The Meteor plan described above was a capital-at-risk plan and some or all of the investors’ invested capital would have been lost if the plan had failed to mature early and the level of the indices had fallen significantly by the final observation date. It was also subject to counterparty risk.
Have you discussed your Will?
Following on from our article last month we reported that when it comes to talking about your Will with loved ones, 26% of people don’t want to discuss it because they do not want to think about dying. It is therefore not surprising that Royal London provided research showing that over six million adults refuse to discuss their Will with their loved ones.
Due to the emotive aspect of a Will, it is thought that many people simply fear talking about death in general and don’t want to think of a time when they will no longer be with their family. One conversation can ensure that beneficiaries are conscious of your wishes and ensure that they understand what you want to happen.
Why is talking about death seen as such a ‘taboo,’ why do people feel the conversation is better left unsaid?
Explaining to your executors and beneficiaries the contents of your Will can leave them better prepared for when the time comes. It is vital that you have discussed certain decisions in your Will with family members.
This is also hugely important when deciding who would look after your dependents should both parents with parental responsibility die. No parent would ever want to think of the possibility they would not get to see their children through to adulthood, but should such a situation arise, then it is crucial that the new guardian of the child is fully aware and ready to take on the role.

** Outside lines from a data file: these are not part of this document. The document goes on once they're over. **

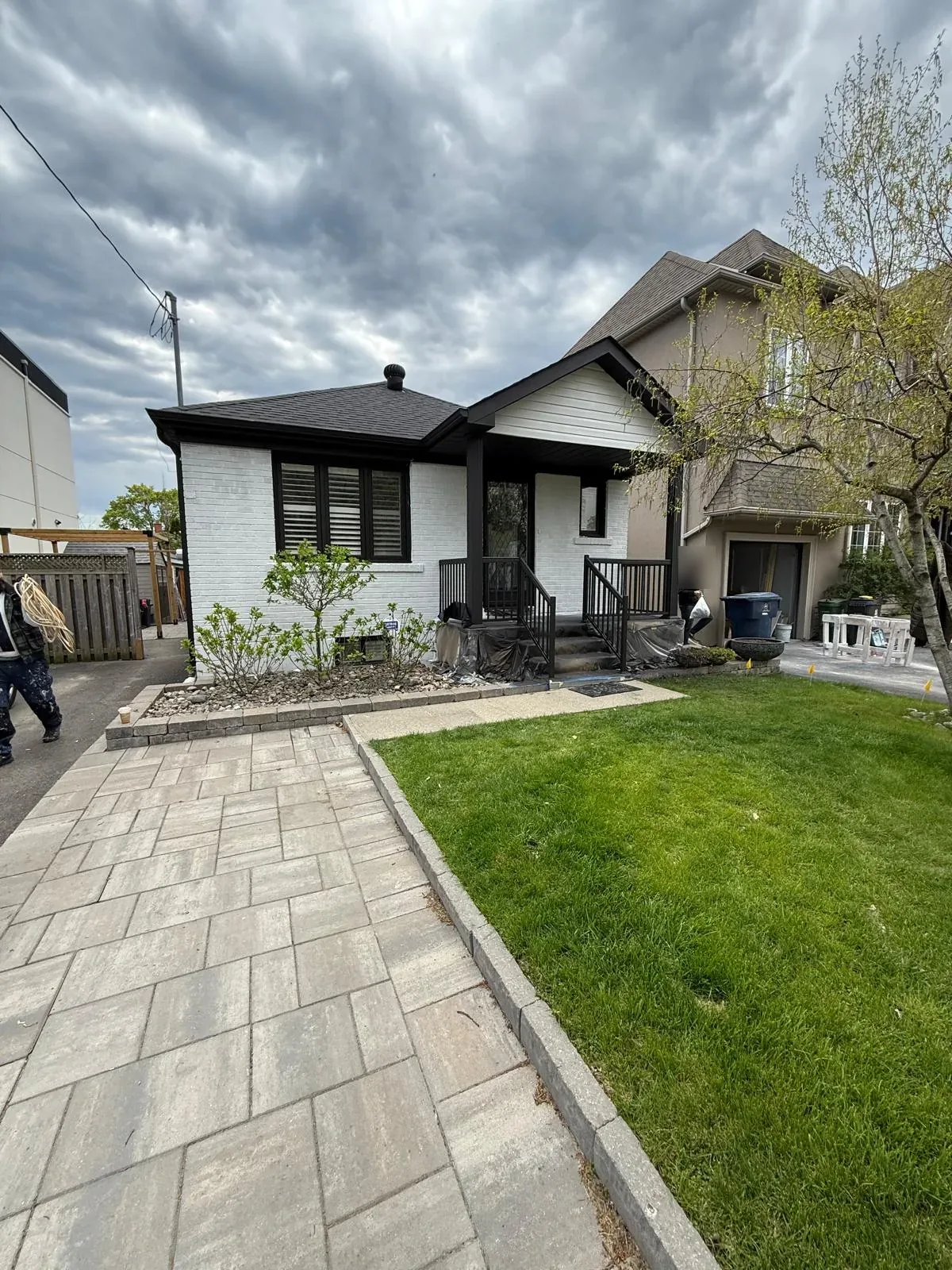 After: the front of the repainted house seen from the side walkway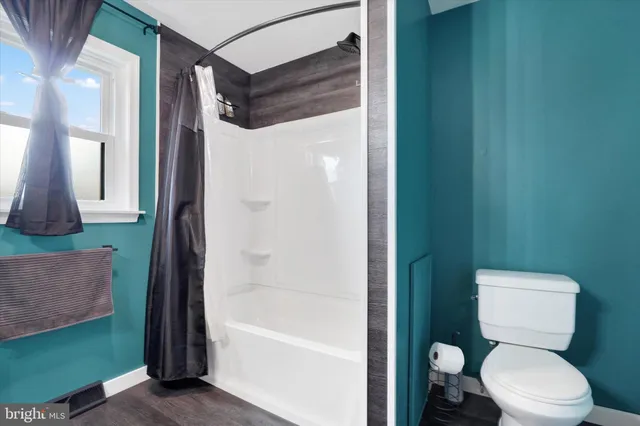 a bathroom with a sink a mirror and a shower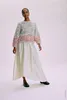 A woman modeling a sweater and skirt. Produktbild-Vorschau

When deciding who will become legal guardian for your children there are many aspects which need to be taken into account. It is wise to consider some of the following;
- Will your children be happy with the decision?
- If you have two or more children will they be able to stay together?

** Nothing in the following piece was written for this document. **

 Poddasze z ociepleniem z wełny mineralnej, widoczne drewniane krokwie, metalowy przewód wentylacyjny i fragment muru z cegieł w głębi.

- Does the intended guardian already have children? If they don’t then will they be able to cope with children coming into their lives? Would they have to change their work?
- Is the family home suitable for your children? The size of their family home is important if your children are likely going to have to move in with the family.
- Do they live close by? Maintaining stability is important
- Would your children have to move schools/location?
This is a traumatic time for any child and if they have to move to a different area and leave friends and familiar surroundings behind it can make the process even more difficult. With this in mind, it is concerning that 45% of parents with children believe that their Will is ‘no one else’s’ business.’
Often people who have a high net worth are unwilling to talk about their Will and how they want their estate to be distributed. Financial advisers have found that the number of clients who are willing to talk about their Will significantly decreases when there are large sums of money involved. Many people believe that if their beneficiaries know what they are set to inherit and what assets may be passed down then they may decide to stop working as hard or even give up work.
However encouraging clients to discuss their Wills with their loved ones will ensure that inheritance is used exactly as intended, for example paying for school or university fees.
Without a doubt money can be disrupting. Some individuals may wish to leave a significant amount of their wealth to a charity or good cause, which reduces the amount left to children or grandchildren. One of the most common conflicts between families occurs when probating an estate which has not previously been discussed. Communicating your wishes throughout your lifetime can eliminate resentment from beneficiaries and reduce tensions in an already stressful situation.
Discussing your wishes and your Will with family may be a daunting task but although difficult it is clear that it is an important conversation to have.